To become adults, we take a long, winding road from adolescence to adulthood. The road metaphor aptly describes the journey toward forming an identity. And we can’t read much on young-adult identity without running into Jeffrey Arnett’s description of early adulthood. A professor of psychology at Clark University, Arnett coined the term emerging adulthood to refer to a unique and distinct developmental life phase between adolescence and mature adulthood, roughly from age eighteen to twenty-nine. During emerging adulthood, young adults increase in their independence from family and other support systems, experience seismic change, and explore the world, themselves, and endless possibilities. Arnett uses the metaphor of a long and winding road to depict this prolonged transitional period, which runs from exiting teen years to entering adulthood. Emerging adulthood is sometimes divided between younger (eighteen to twenty-three) and older (age twenty-four to twenty-nine) emerging adults.
Although not everyone agrees that emerging adulthood is a distinct developmental phase or that emerging adulthood happens at a certain age, most agree that there is a time period in which people transition from adolescence to adulthood.

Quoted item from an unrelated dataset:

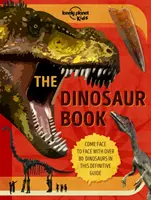 Libro de dinosaurios - Dinosaur Book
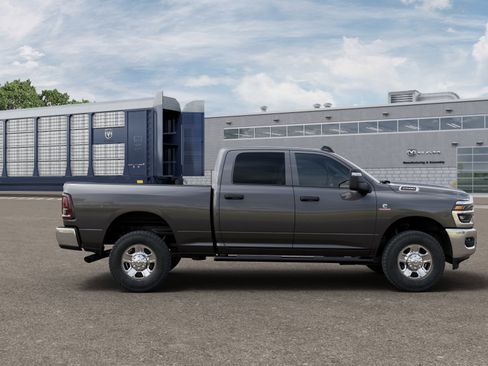 New 2026 RAM 2500 Tradesman AWD/4WD image 21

Obviously, it’s during this season of life that people make life-impacting decisions regarding education, vocation, life partnership, geographic location, housing, and community. First, let’s nail down some terminology before we explore a few of the characteristics of this life phase just before adulthood.

Sorting Out Our Terms

While emerging adulthood refers to the developmental stage that extends between adolescence and adulthood (usually ages eighteen to twenty-nine), the millennial generation refers to people born between 1981 and 1996, according to Pew Research. Postmillennials, also called Generation Z, were first born in the year 1995, according to Seemiller and Grace, or 1997, according to Pew Research. Scholar James Emory White marks the birth years of Generation Z as between 1995 and 2005. Designating generational years for cohorts isn’t an exact science; it is simply a way to describe people who were impacted by similar social, economic, political, and technological events or changes in history like the Great Depression, World War II, the Kennedy assassinations, the Cold War, and 9/11. Since there is no one authoritative body that determines generational birth dates for our purposes, let’s imagine the start year for Generation Z was 1995, and that they experienced 9/11 in kindergarten and arrived on the college scene as freshmen in 2013.
Combined, the two youngest generational cohorts make up about half of the US population, with Generation Z (25.9 percent) at one percentage point ahead of millennials (24.5 percent). For a time, the 78 million millennials made up the largest generation in American history and were the most racially diverse segment of American society. Generation Z has surpassed millennials in both size and ethnic diversity.
I will use the terms emerging adults, young adults, and young people synonymously. Frequently I will refer to Generation Z and millennials or to both of them as “emerging generations.” But my primary focus will be on emerging adults as a descriptor for people in their twenties and early thirties.
I won’t describe the differences in the two generations. Much already has been written on millennials—much of it negative. But you won’t find any millennial bashing here, only a deep appreciation for a generation seeking to find their place in the world. Generation Z may be less familiar and is the focus of much current study. For a quick primer on Generation Z, I recommend Generation Z: A Century in the Making by Corey Seemiller and Meghan Grace, and I defer to James Emory White’s summary of the defining markers of this newest generation: recession marked, Wi-Fi enabled, multiracial, sexually fluid, and post-Christian. He writes,
So who are Generation Z? They are growing up in a post-9/11 world. They are experiencing radical changes in technology and understandings of family, sexuality, gender. They live in multigenerational households, and the fastest-growing demographic within their age group is multiracial.
Rather I will focus on looking at these two groups collectively within the category of “emerging adulthood” as it relates to the heart of this study: churches reaching and keeping young adults. Neither of the newest emerging generations attend church much. Only two-fifths (41 percent) of Generation Z attend weekly religious services, while only 27 percent of millennials attend weekly services once or more. This book is about Christian churches that care about those dismal statistics and are pointing these emerging generations toward Christ.
In the face of the general decline in religious attendance among emerging adults in North America, logical questions emerge: How are churches reaching the small minority of dones and nones among emerging adults who are increasing in religious Christian faith and church attendance? How are churches reaching the least-reached, least-churched generations, especially the younger eighteen- to twenty-three-year-old group? Let’s start by taking a quick stock of what we know about young adults through a developmental lens.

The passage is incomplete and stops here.